“I don’t remember,” Ross declared.
“But—” Eddy began, and stopped.
“I’m going to turn in now,” said Ross. “Afraid you’ll have to put up with the chair again to-night.”
He crossed the room to the couch and lay down there. He was only partly undressed, and he put his shoes beside him, and his overcoat across his feet, because, in this nightmare existence, he had to be prepared for every impossible emergency.
“But I’ll get some sleep anyhow!” he thought, defiantly.
He stretched out, with a sigh of relief, and closed his eyes, when an almost inaudible sound, like the faintest echo of his own sigh, made him glance up again. He saw that Eddy had buried his face in his hands, and sat there, his slight shoulders hunched, his young head bent, in an attitude of misery and dejection.
And Ross was sorry for him. All through his confused and heavy dreams[Pg 464] that night ran a little thread of pity, of regret and pain, which he could not understand. Only, he felt that in this adventure there was more than the tragedy of death.

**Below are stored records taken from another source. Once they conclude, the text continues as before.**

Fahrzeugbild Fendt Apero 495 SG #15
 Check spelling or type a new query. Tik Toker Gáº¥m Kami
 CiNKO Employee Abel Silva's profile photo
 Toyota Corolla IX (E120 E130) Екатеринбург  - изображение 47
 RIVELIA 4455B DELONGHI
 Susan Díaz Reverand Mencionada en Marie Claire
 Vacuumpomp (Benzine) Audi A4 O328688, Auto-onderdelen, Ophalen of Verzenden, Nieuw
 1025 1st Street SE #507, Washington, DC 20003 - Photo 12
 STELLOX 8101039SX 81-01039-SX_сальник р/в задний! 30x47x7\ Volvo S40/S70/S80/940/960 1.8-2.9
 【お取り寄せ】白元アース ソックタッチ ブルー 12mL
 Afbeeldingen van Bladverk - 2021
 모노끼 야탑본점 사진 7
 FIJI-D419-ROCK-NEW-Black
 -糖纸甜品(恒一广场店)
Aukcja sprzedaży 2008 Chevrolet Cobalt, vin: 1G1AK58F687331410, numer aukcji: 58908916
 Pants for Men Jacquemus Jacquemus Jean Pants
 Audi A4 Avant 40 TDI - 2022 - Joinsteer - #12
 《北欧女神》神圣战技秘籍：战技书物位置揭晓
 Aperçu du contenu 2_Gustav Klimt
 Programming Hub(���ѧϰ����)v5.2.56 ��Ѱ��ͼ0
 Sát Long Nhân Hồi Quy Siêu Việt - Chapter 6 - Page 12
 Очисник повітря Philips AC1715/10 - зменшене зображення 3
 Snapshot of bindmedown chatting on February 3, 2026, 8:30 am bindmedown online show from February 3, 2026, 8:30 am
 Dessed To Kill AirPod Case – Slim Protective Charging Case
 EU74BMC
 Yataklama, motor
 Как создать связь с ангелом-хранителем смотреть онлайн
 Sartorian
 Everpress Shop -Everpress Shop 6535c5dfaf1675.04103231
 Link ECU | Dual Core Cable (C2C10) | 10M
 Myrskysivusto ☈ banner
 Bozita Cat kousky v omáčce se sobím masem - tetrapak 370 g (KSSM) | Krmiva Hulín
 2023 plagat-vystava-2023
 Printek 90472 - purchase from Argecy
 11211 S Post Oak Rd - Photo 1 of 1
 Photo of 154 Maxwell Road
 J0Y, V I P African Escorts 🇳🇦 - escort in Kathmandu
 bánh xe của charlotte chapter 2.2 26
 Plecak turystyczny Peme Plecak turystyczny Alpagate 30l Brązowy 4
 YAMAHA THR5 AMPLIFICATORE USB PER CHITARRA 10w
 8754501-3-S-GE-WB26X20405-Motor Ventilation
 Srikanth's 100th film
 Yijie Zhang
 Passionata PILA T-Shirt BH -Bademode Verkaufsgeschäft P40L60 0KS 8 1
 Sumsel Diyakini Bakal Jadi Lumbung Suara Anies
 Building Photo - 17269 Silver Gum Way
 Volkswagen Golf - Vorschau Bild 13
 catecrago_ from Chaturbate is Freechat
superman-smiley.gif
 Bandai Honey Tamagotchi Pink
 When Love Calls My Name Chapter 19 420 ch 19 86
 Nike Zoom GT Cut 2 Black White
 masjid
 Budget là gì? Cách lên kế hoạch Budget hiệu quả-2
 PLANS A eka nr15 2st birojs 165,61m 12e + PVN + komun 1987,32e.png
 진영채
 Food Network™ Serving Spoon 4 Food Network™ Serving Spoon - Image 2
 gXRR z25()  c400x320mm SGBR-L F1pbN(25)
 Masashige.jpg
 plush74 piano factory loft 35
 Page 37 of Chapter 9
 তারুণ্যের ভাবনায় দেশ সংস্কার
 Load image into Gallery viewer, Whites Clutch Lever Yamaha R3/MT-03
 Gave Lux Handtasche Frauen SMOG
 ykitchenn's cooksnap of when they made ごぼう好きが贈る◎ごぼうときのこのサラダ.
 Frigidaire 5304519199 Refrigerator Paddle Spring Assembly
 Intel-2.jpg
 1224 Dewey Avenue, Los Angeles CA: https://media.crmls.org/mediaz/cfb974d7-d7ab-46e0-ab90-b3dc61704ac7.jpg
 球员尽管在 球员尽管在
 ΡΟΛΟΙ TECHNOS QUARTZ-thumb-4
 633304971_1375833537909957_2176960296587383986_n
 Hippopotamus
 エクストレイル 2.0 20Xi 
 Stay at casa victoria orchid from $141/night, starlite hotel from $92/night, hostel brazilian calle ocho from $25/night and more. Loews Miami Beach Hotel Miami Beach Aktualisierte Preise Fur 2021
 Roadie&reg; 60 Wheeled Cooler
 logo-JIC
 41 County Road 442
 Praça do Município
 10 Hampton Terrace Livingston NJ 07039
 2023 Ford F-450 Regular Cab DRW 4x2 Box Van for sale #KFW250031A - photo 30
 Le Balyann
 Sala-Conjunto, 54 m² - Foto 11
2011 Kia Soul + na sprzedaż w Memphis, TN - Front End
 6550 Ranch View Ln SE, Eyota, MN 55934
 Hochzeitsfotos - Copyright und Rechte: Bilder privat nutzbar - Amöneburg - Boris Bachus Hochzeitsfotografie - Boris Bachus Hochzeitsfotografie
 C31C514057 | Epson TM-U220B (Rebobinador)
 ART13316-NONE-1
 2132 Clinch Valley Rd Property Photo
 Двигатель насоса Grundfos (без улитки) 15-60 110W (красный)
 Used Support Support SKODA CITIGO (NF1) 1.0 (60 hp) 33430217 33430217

When he opened his eyes again, the room was filled with a strange, pale light, unfamiliar to him. Dawn? It was more like twilight. He raised himself on one elbow and looked out of the window, and, for the first time in his life, he saw the snow.
Thick and fast the flakes went spinning by, tapping lightly against the glass, and, out beyond, he saw that all the world was white. White and unimaginably still. He had seen plenty of pictures of snow-covered landscapes, but he had never known the feel of a snowstorm, the odd tingle in the air, the sense of hushed expectancy.
He was amazed and delighted with it. Old and forgotten fancies of his childhood stirred in him now; queer little memories of glittering Christmas cards, of fairy tales. He remembered a story his mother had read to him, so very long ago, about a Snow Queen.